*** Opening of STUDY MATERIAL ***
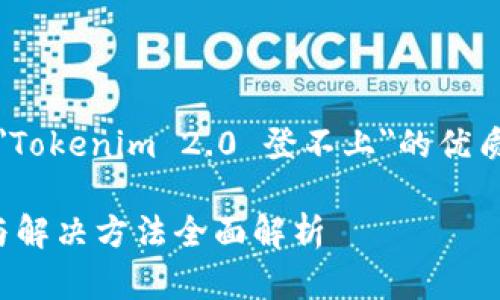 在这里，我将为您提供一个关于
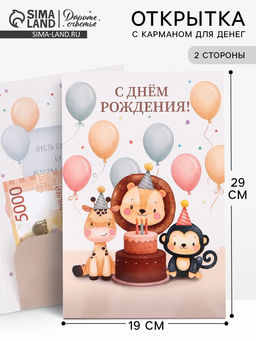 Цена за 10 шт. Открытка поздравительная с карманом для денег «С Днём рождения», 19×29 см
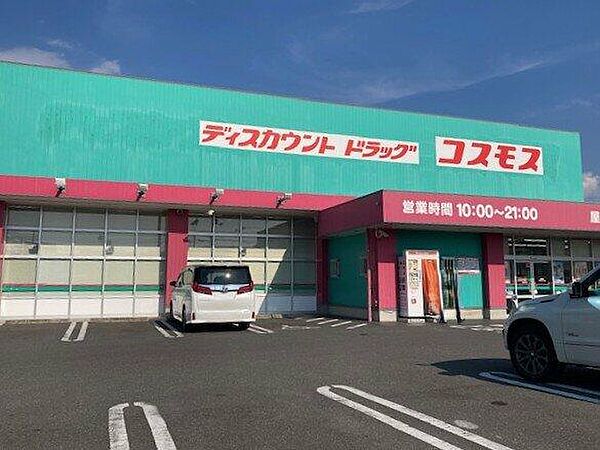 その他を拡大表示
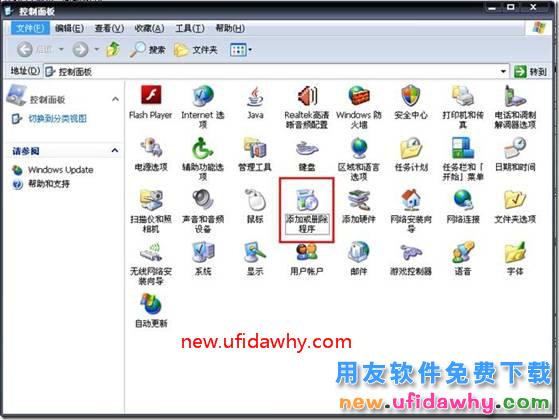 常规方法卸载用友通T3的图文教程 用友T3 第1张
*** Close of STUDY MATERIAL ***
*** Opening of STUDY MATERIAL ***
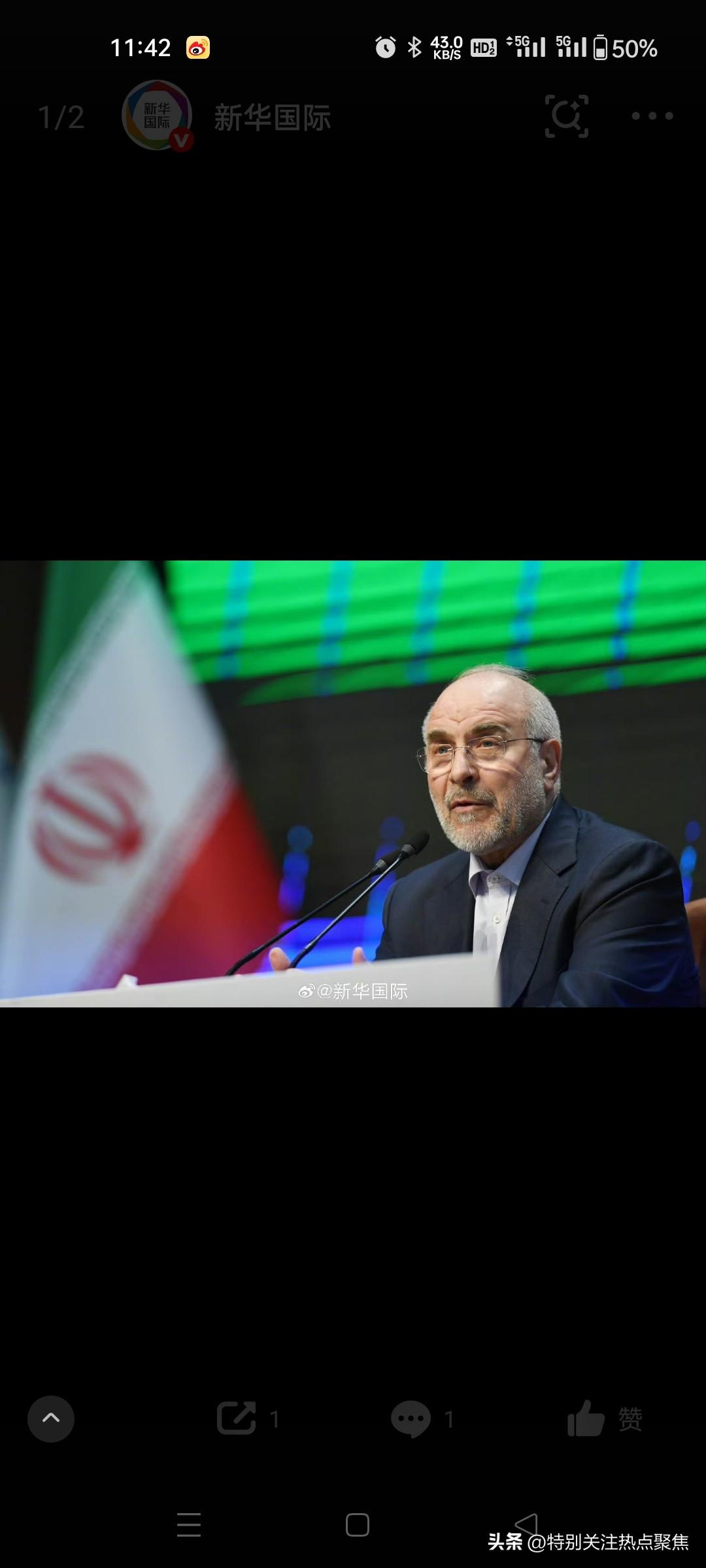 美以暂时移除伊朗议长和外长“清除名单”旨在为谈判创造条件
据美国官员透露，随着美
*** Close of STUDY MATERIAL ***
Could you output exactly the lines above, from the line with "在这里，我将为您提供一个关于" up to and including the line with "常规方法卸载用友通T3的图文教程 用友T3 第1张", and nothing else, skipping the pictures?

 在这里，我将为您提供一个关于
 Цена за 10 шт. Открытка поздравительная с карманом для денег «С Днём рождения», 19×29 см
 その他を拡大表示
 常规方法卸载用友通T3的图文教程 用友T3 第1张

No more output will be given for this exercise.